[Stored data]

---------------

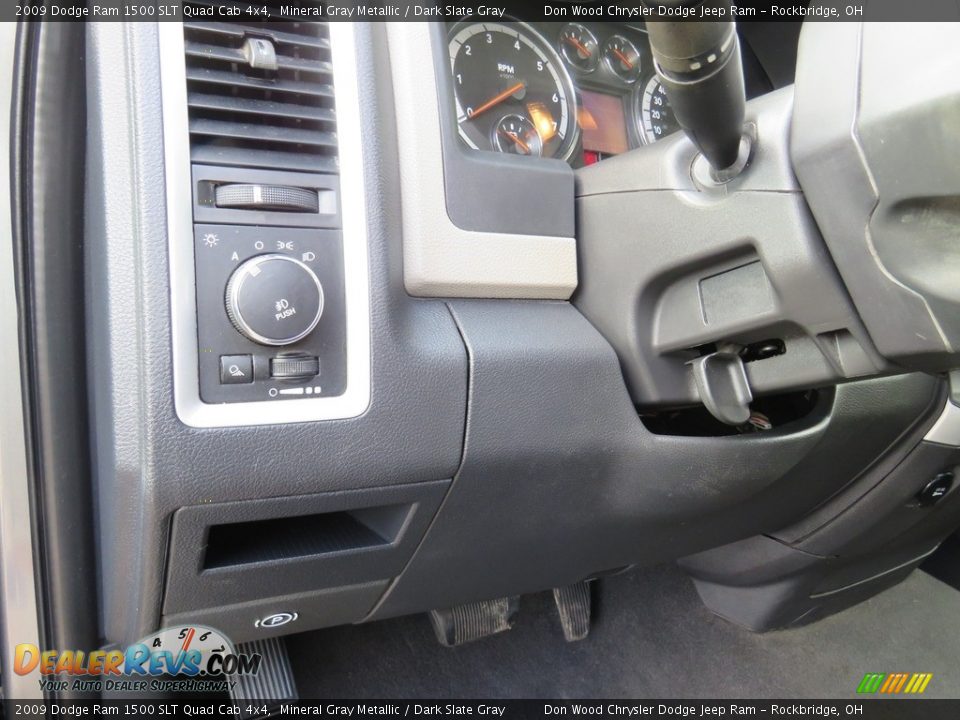 2009 Dodge Ram 1500 SLT Quad Cab 4x4 Mineral Gray Metallic / Dark Slate Gray Photo #16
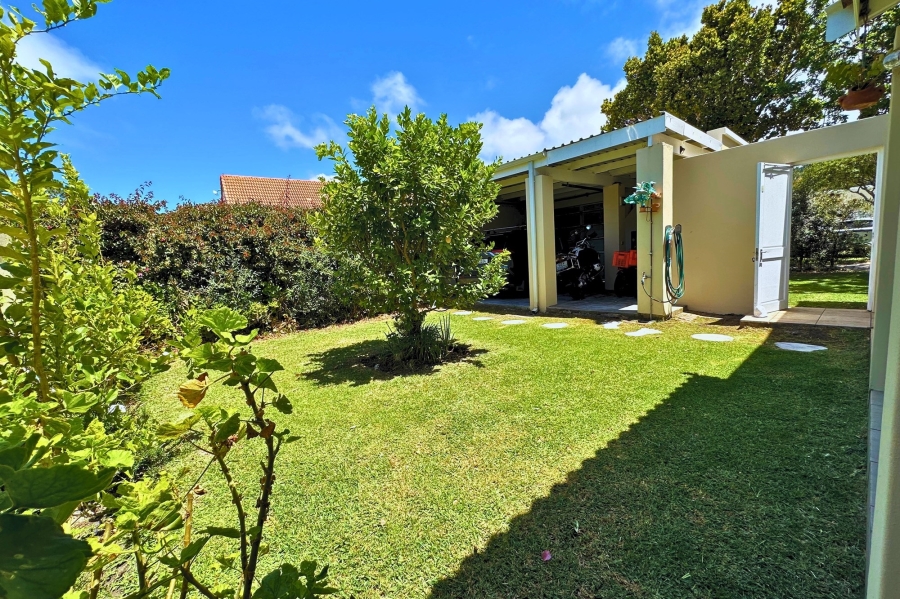 3 Bedroom Property for Sale in Keurbooms Western Cape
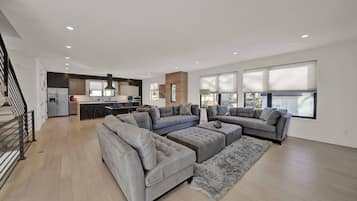 Smart TV, video games, table tennis, stereo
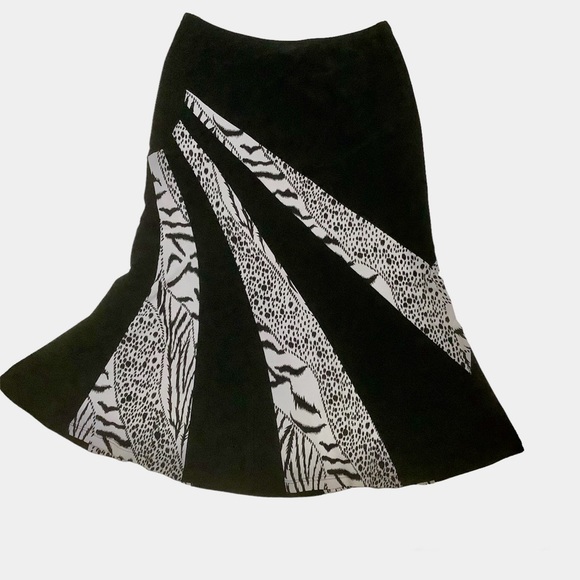 NUEVA BLAK AND WHITE ELASTIC SKIRT/ Size 8 - Picture 1 of 9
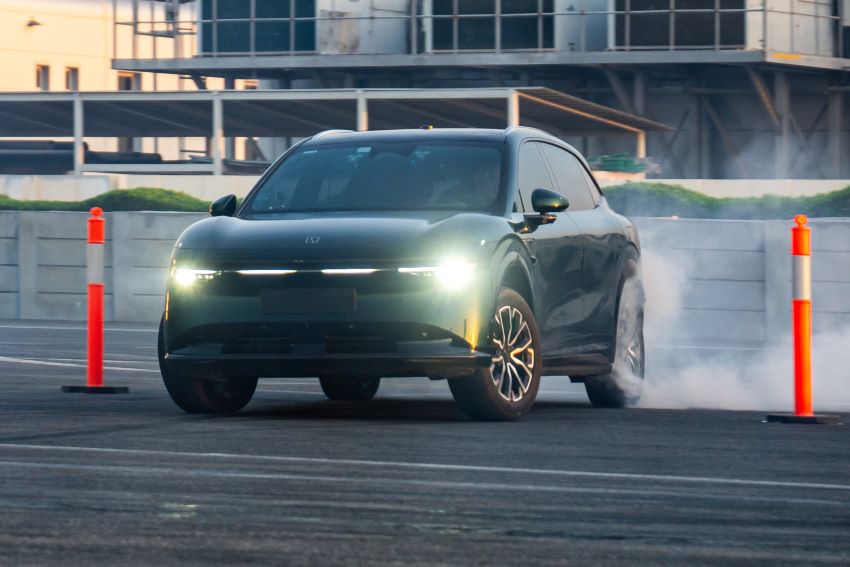 Zeekr 7X entra para o Guinness Book com drift em curto espaço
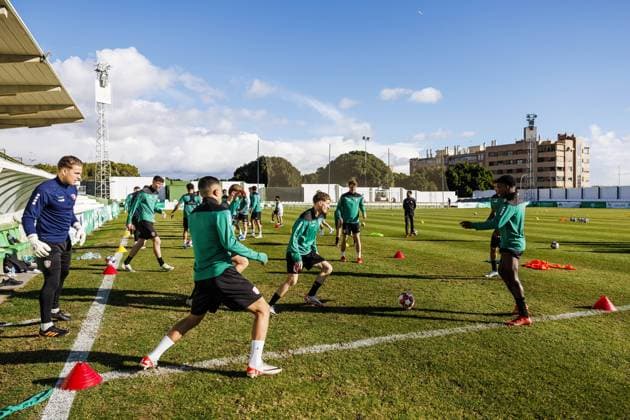 Football, FC Dordrecht, training camp in El Pozuelo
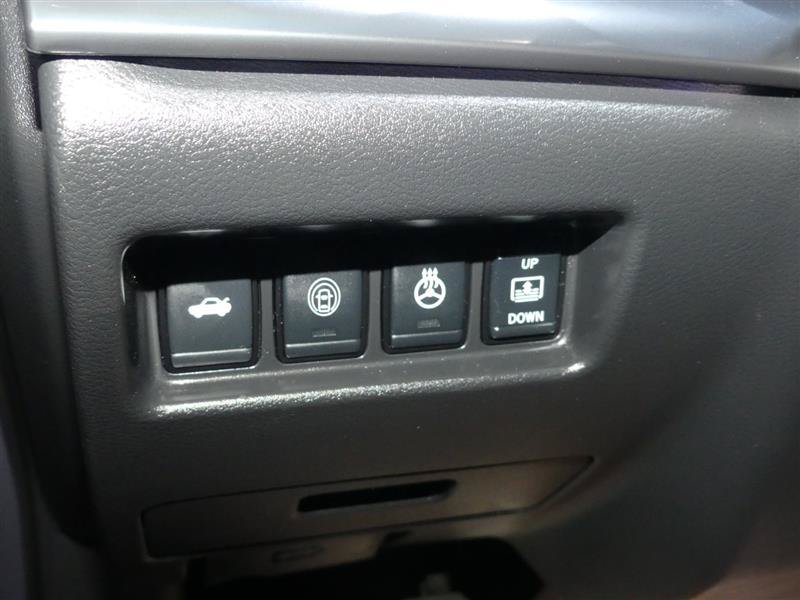 Used 2021 Nissan Maxima Platinum w/ 40th Anniversary Package FWD image 30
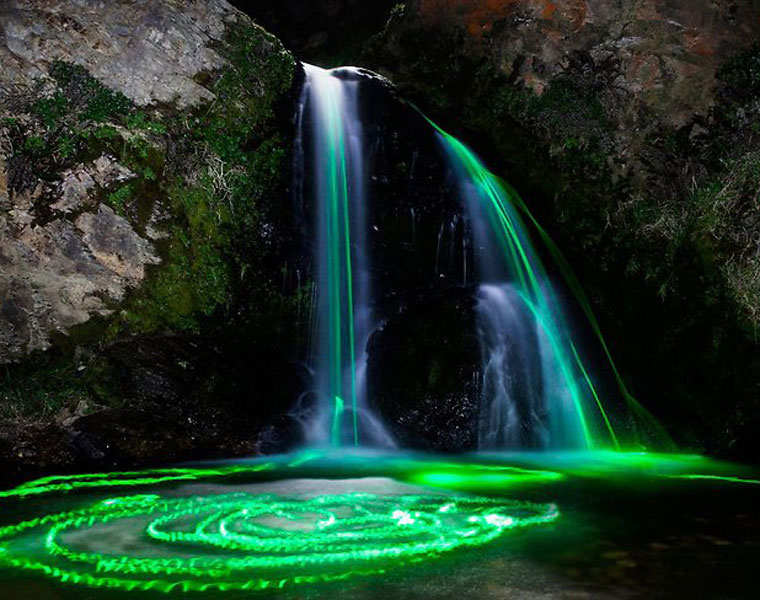 Picture 4 of Glowing waterfall like a unique rainbow, hard to believe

---------------

▸ **Your assignment**
Leave out the pictures, and extract exactly the lines from the one with "Football, FC Dordrecht, training" through the end of the records, both ends included.

▸ **Result**
 Football, FC Dordrecht, training camp in El Pozuelo
 Used 2021 Nissan Maxima Platinum w/ 40th Anniversary Package FWD image 30
 Picture 4 of Glowing waterfall like a unique rainbow, hard to believe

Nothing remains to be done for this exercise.